(Dataset excerpts)
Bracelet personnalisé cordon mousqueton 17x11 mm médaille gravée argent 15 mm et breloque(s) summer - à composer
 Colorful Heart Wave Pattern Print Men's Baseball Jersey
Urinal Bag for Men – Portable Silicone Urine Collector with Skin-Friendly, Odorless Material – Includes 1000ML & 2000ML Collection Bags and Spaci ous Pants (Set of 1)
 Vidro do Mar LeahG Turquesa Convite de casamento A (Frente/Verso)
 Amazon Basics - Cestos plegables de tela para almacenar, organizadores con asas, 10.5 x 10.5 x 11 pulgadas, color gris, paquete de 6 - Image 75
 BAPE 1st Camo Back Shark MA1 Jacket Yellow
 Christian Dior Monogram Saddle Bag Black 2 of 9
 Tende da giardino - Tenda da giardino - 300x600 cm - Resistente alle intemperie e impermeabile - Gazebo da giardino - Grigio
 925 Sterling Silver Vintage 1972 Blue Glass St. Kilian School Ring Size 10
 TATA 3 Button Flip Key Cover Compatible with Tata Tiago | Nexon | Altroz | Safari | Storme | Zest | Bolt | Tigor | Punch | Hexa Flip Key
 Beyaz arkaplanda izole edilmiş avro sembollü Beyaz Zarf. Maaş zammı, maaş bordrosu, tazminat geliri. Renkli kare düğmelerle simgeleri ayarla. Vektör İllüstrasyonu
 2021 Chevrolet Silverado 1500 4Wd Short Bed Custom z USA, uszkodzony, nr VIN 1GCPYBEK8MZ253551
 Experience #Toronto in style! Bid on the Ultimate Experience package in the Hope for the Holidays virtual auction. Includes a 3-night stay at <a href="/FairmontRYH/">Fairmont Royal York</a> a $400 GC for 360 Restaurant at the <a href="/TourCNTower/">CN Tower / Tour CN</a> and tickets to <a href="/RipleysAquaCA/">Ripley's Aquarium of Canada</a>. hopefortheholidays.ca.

**Requirement:**
Reproduce the records above line by line, without any change, up to and including the line that holds "Colorful Heart Wave".

**Exercise solution:**
Bracelet personnalisé cordon mousqueton 17x11 mm médaille gravée argent 15 mm et breloque(s) summer - à composer
 Colorful Heart Wave Pattern Print Men's Baseball Jersey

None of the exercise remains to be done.